▸ **What you should do**: Exactly reproduce the lines from the one containing "Кран Tiemme 16" through the last line of the data, both ends included, leaving out pictures.

(Dataset items)

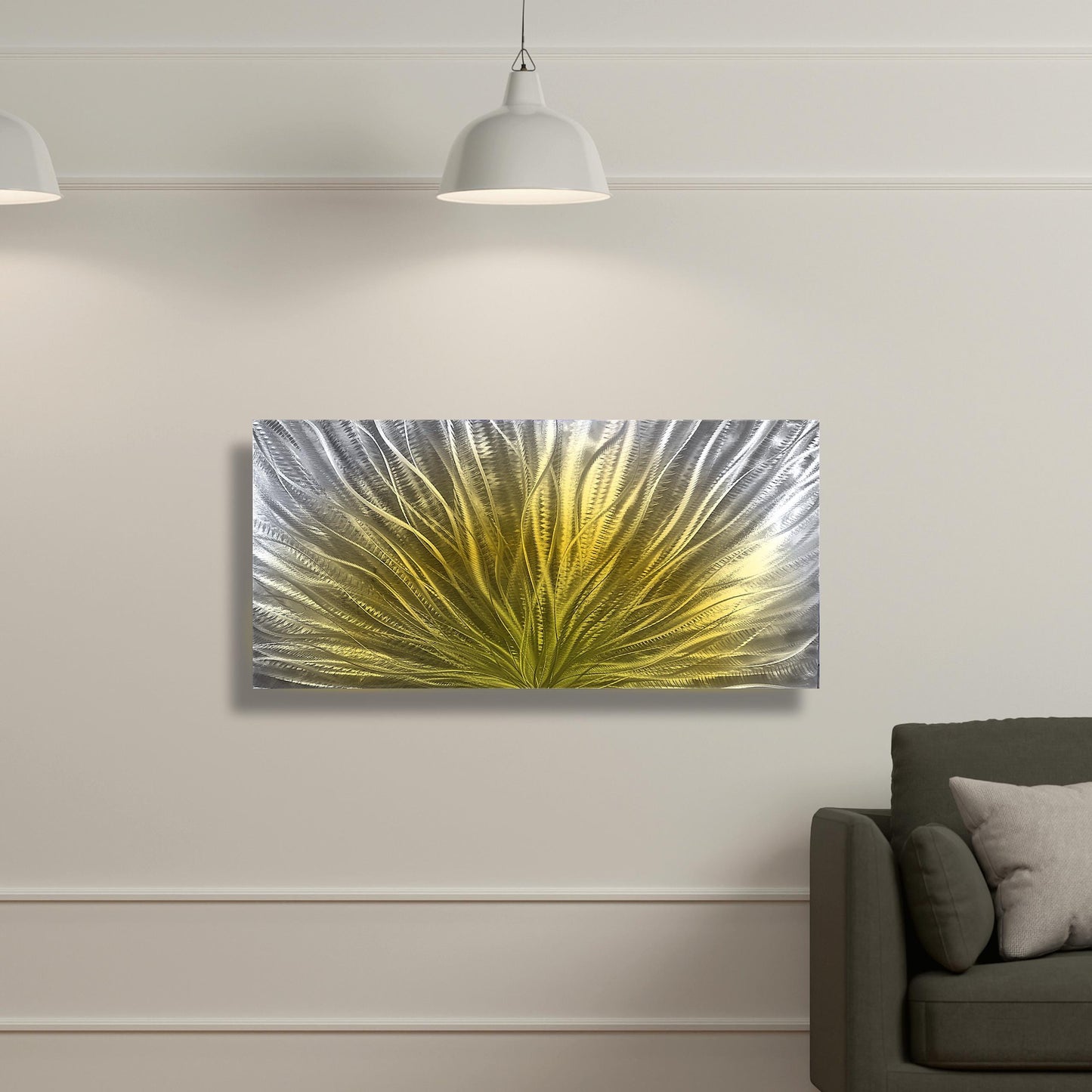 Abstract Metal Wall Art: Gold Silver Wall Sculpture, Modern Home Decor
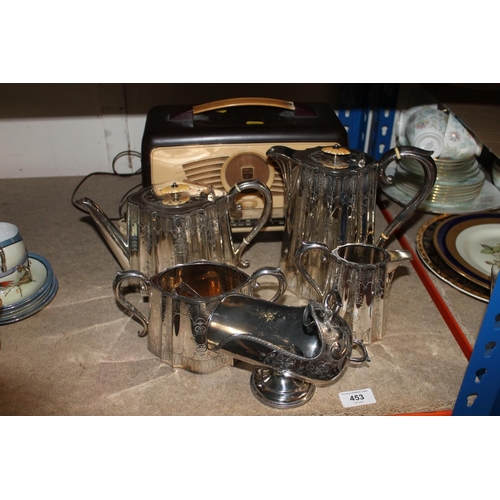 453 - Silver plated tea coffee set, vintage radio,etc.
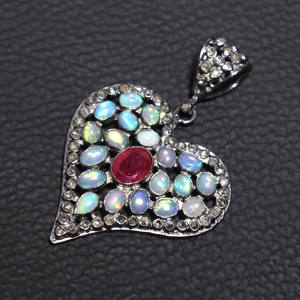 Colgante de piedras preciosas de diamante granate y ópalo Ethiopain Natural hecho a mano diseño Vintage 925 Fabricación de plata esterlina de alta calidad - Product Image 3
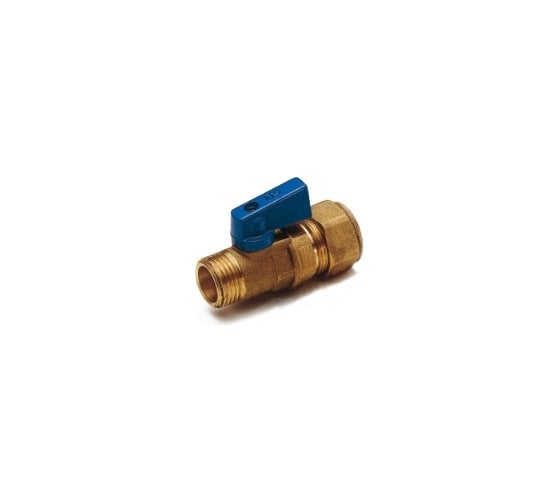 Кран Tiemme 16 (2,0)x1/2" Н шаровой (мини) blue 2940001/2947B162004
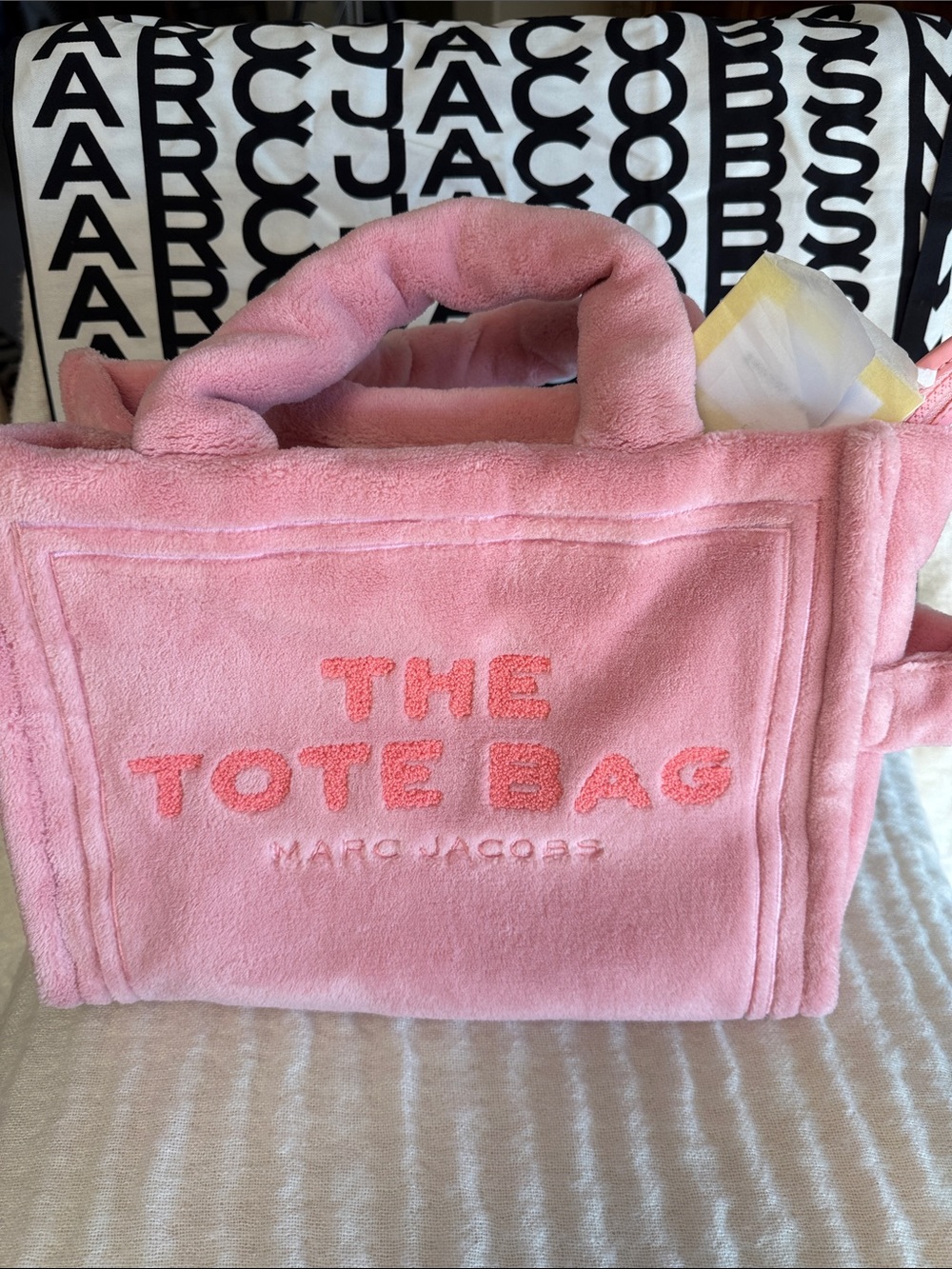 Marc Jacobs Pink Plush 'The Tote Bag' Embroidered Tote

▸ **Result below**:
 Кран Tiemme 16 (2,0)x1/2" Н шаровой (мини) blue 2940001/2947B162004
 Marc Jacobs Pink Plush 'The Tote Bag' Embroidered Tote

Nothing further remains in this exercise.